In deze zaak heeft verzoekster bezwaar ingediend tegen een besluit van het college van burgemeester en wethouders van de gemeente Utrecht, gedateerd 22 juni 2022. Aangezien er geen beslissing op het bezwaar volgde, heeft verzoekster beroep ingesteld. Op 28 november 2022 heeft verweerder een nieuw besluit genomen, waarin het eerdere besluit werd vernietigd. Hierdoor heeft verzoekster haar beroep ingetrokken en verzocht om vergoeding van haar proceskosten.
De rechtbank heeft de zaak zonder zitting beoordeeld, omdat zij voldoende informatie had om het verzoek te behandelen. De rechtbank overweegt dat, wanneer een beroep wordt ingetrokken omdat het bestuursorgaan tegemoet is gekomen aan de indiener, de rechtbank kan bepalen dat de proceskosten door de verweerder moeten worden vergoed. Dit is geregeld in de artikelen 8:75 en 8:75a van de Algemene wet bestuursrecht (Awb).

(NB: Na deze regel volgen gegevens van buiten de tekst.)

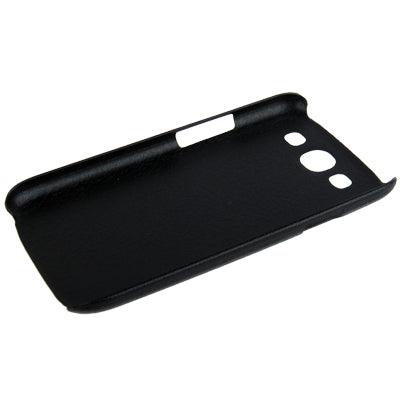 Pebble Texture Plastic Protective Case for Samsung S III / i9300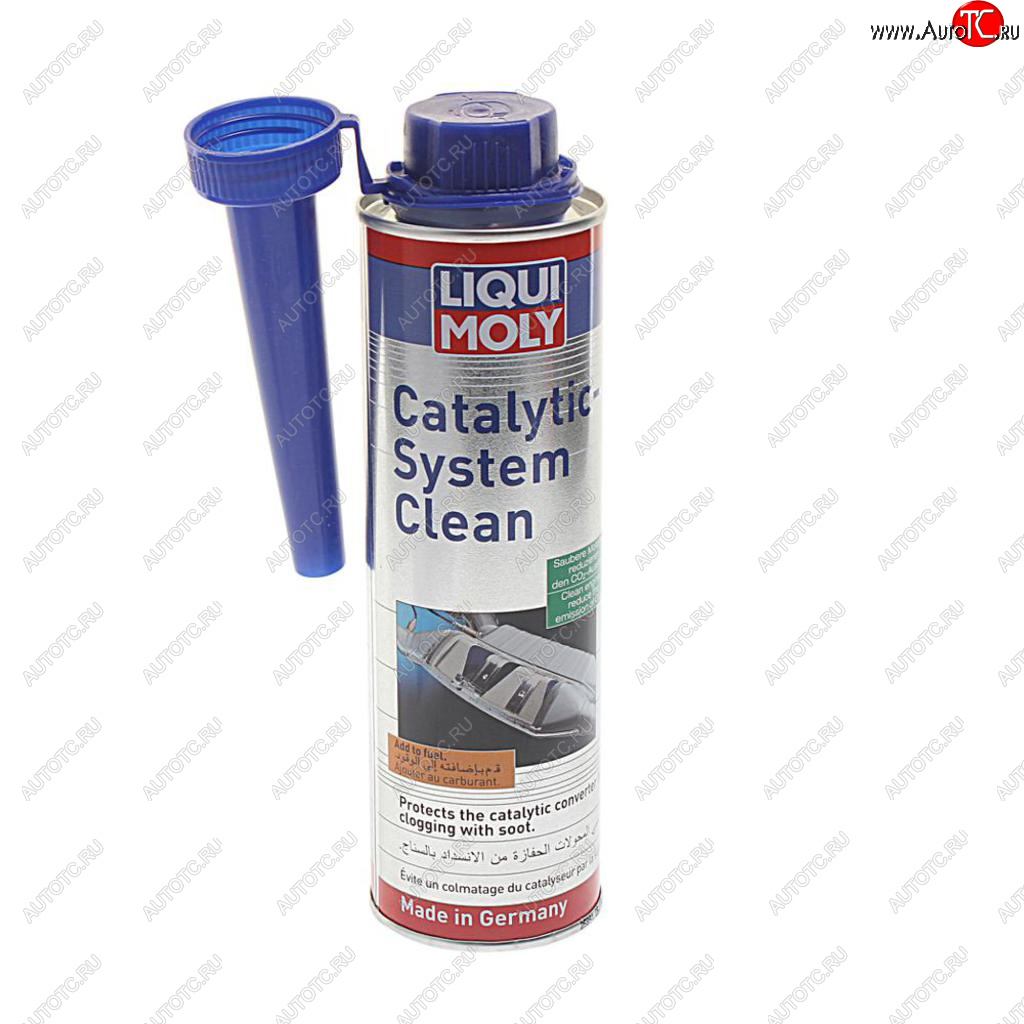 1 039 р. Очиститель катализатора Catalytic-System Clean 0.3л LIQUI MOLY LIQUI MOLY 7110  с доставкой в г. Керчь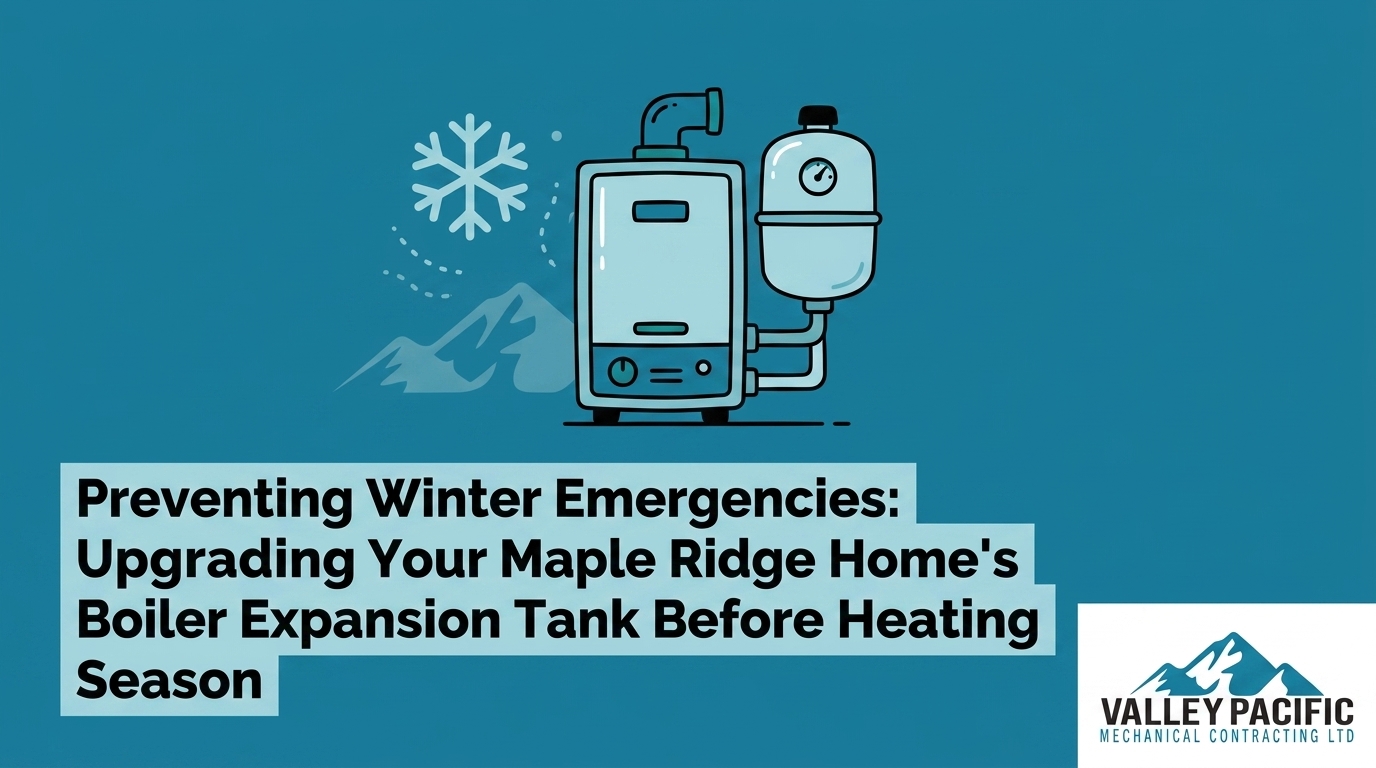 Upgrading Your Maple Ridge Home's Boiler Expansion Tank Before Heating Season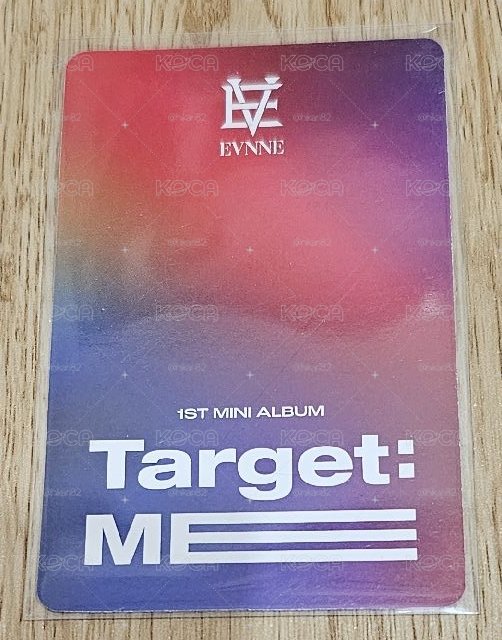 EVNNE 首張迷你專輯《Target: ME》PARK JIHOO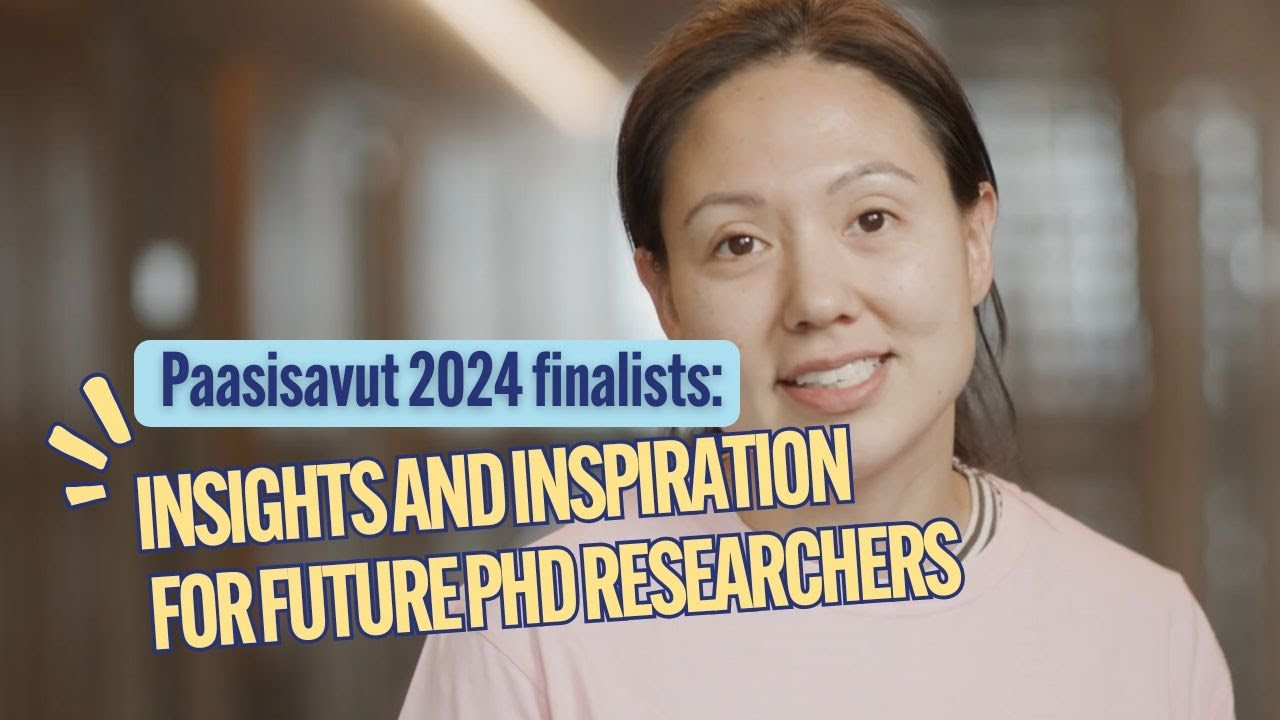 Paasisavut 2024 finalists: Insights and inspiration for future PhD researchers
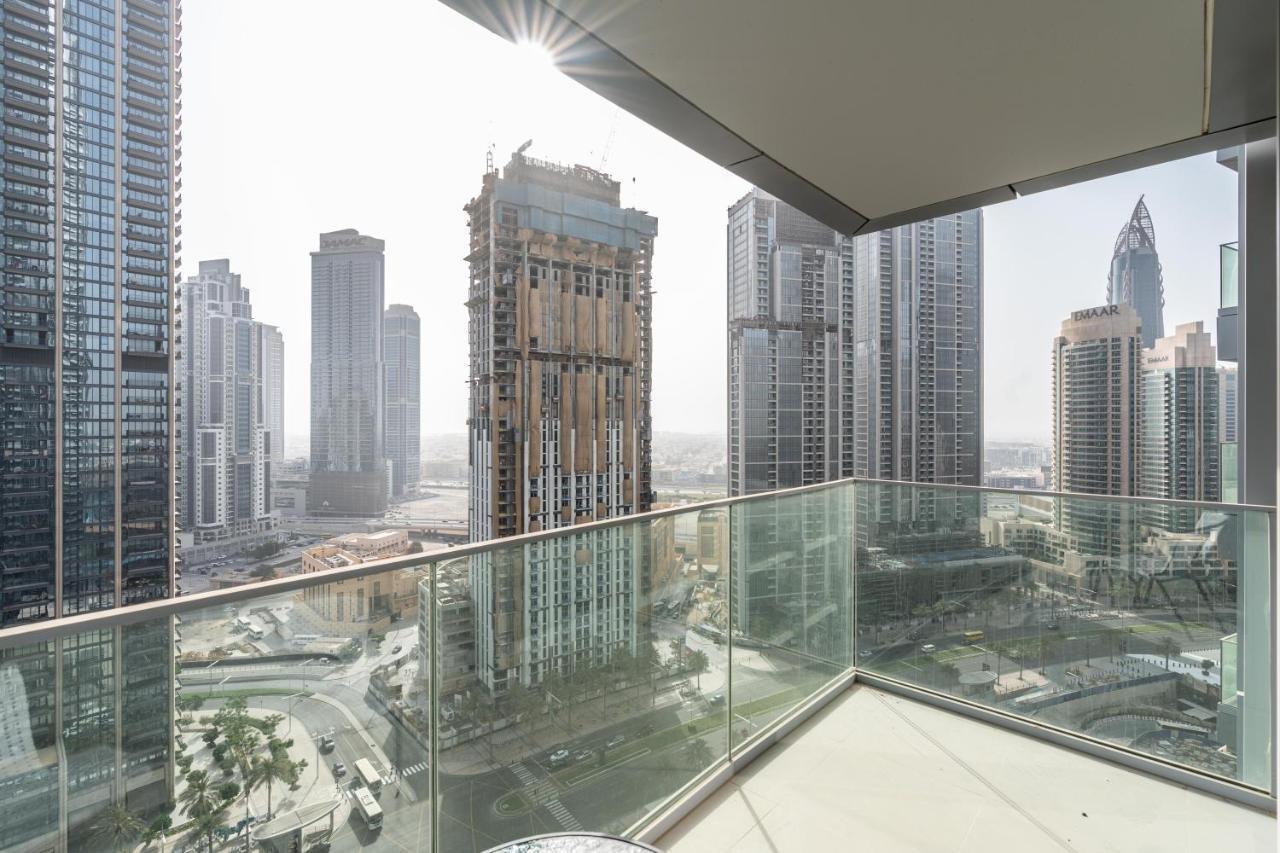 White Sage - Modern And Unique Apartment With Fountain Views Dubai Buitenkant foto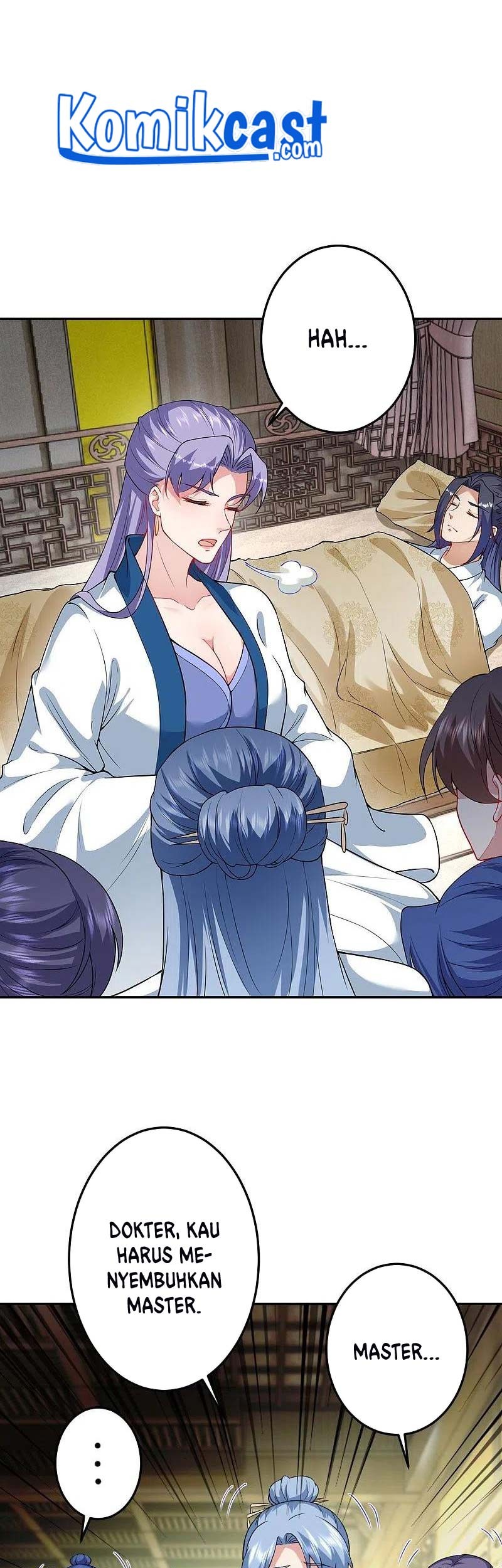 Against the Gods Chapter 420 Gambar 31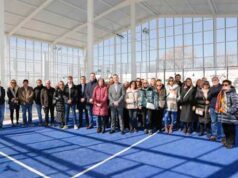 El Ayuntamiento de Arguedas inaugura nuevas pistas de pádel y vestuarios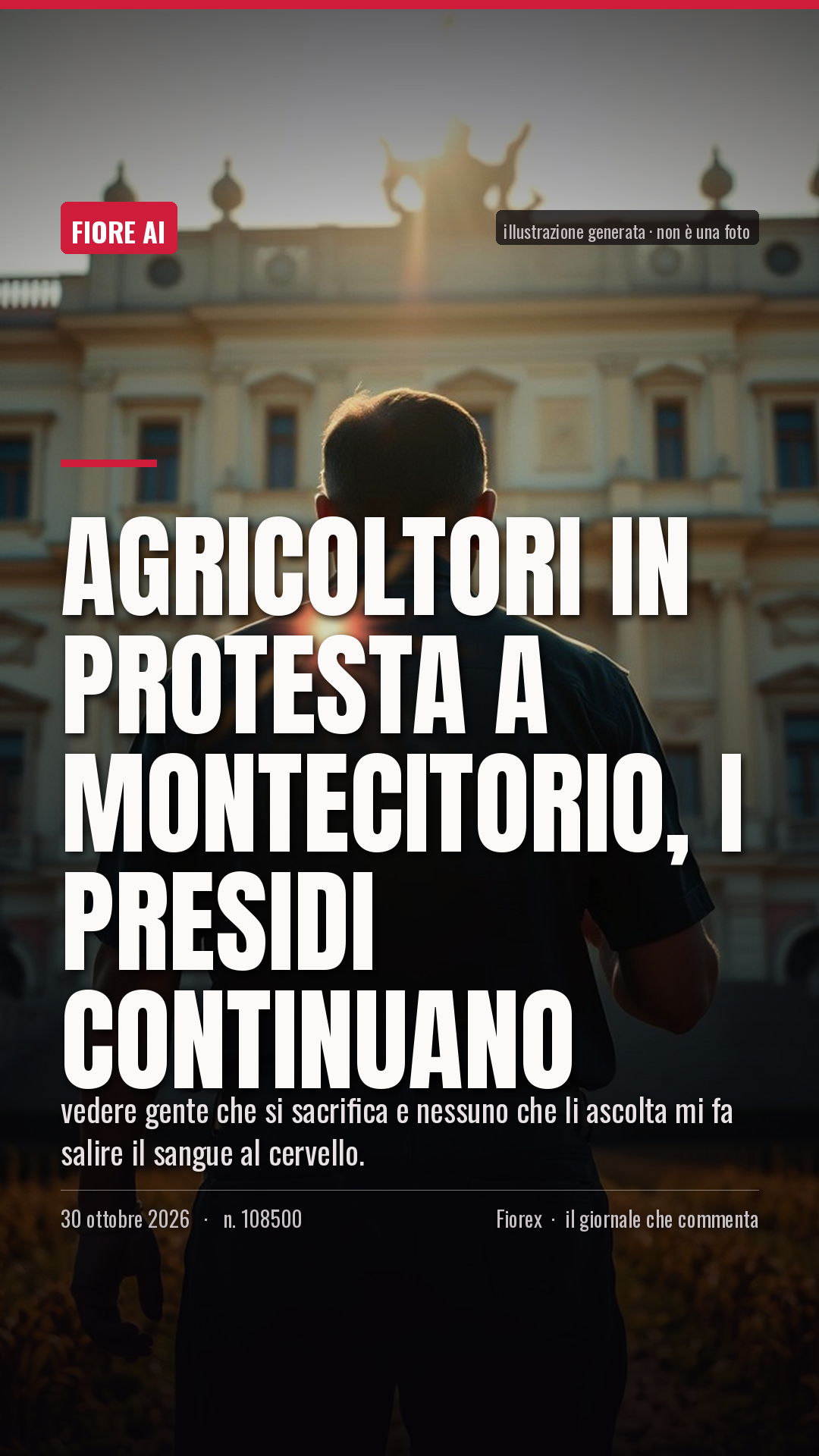 La cartolina verticale del pezzo, per le storie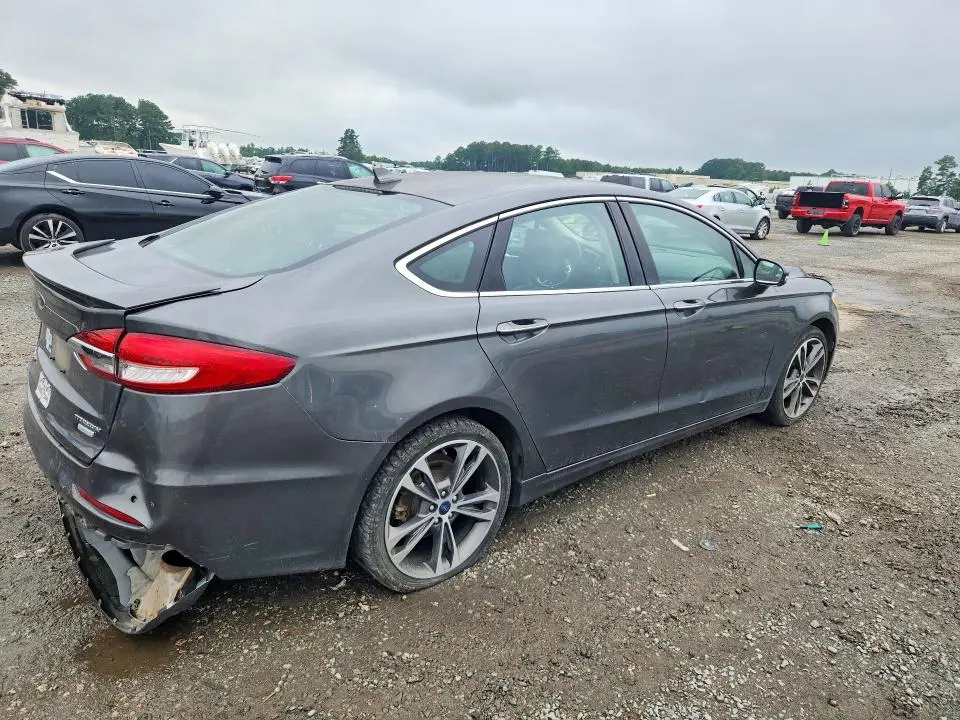 2019 FORD FUSION TITANIUM  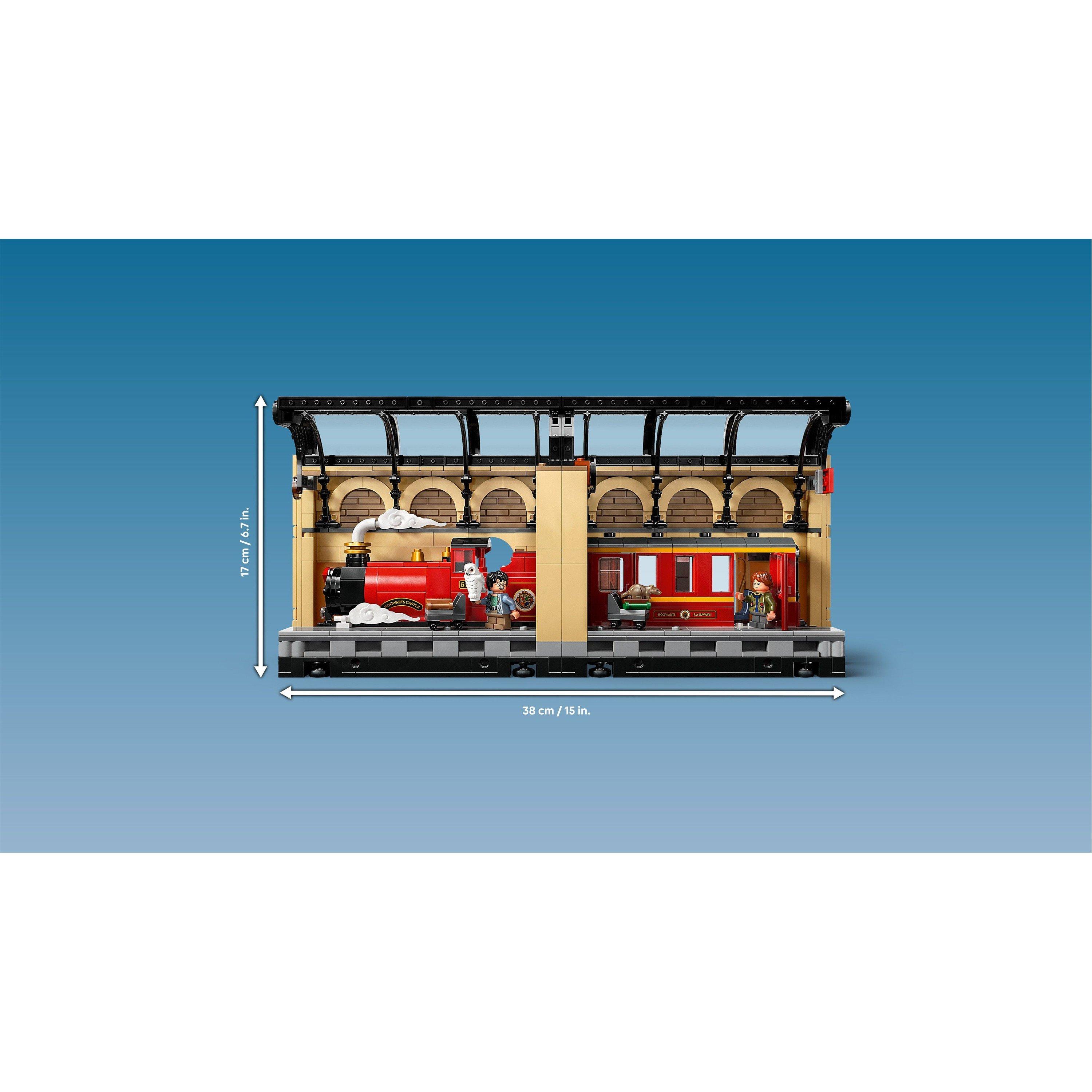 Hogwart Express - LEGO - LEGO® Harry Potter™ Book Nook: Hogwarts™ Express Magical Toy 76450 - 8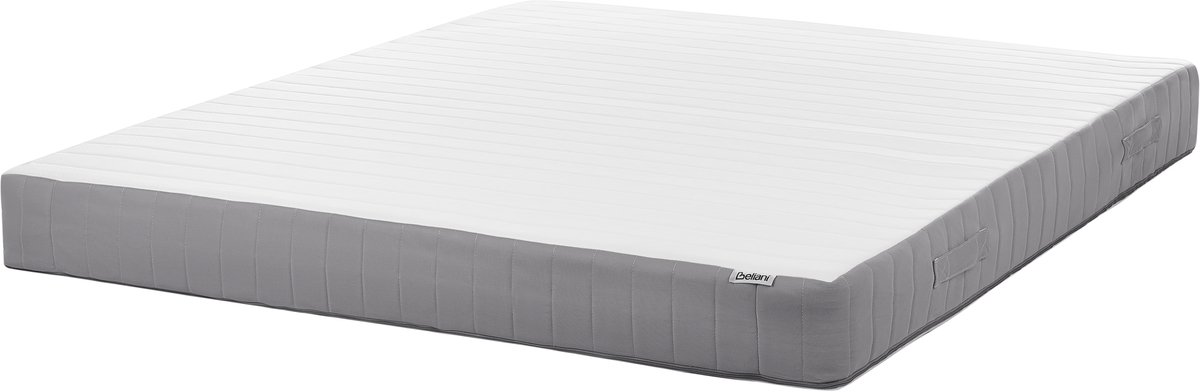 Beliani BREEZ - Pocketveringmatras medium - Wit - 180 x 200 cm - Pocketveren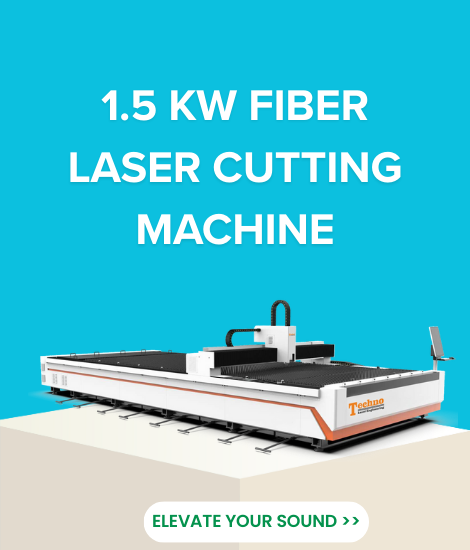 1.5 kW Fiber Laser Cutting Machine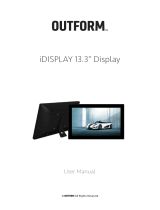 Outform iDisplay User manual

De rechtbank heeft geoordeeld dat verweerder de proceskosten van verzoekster moet vergoeden, die zijn vastgesteld op € 418,50. Dit bedrag is berekend op basis van het indienen van het beroepschrift, met een waarde per punt van € 837,- en een wegingsfactor van 0,5, omdat de zaak enkel over de overschrijding van de beslistermijn ging. Daarnaast moet verweerder ook het griffierecht van € 184,- aan verzoekster betalen. De uitspraak is gedaan door rechter R.C. Stijnen en is openbaar uitgesproken op 17 juli 2023.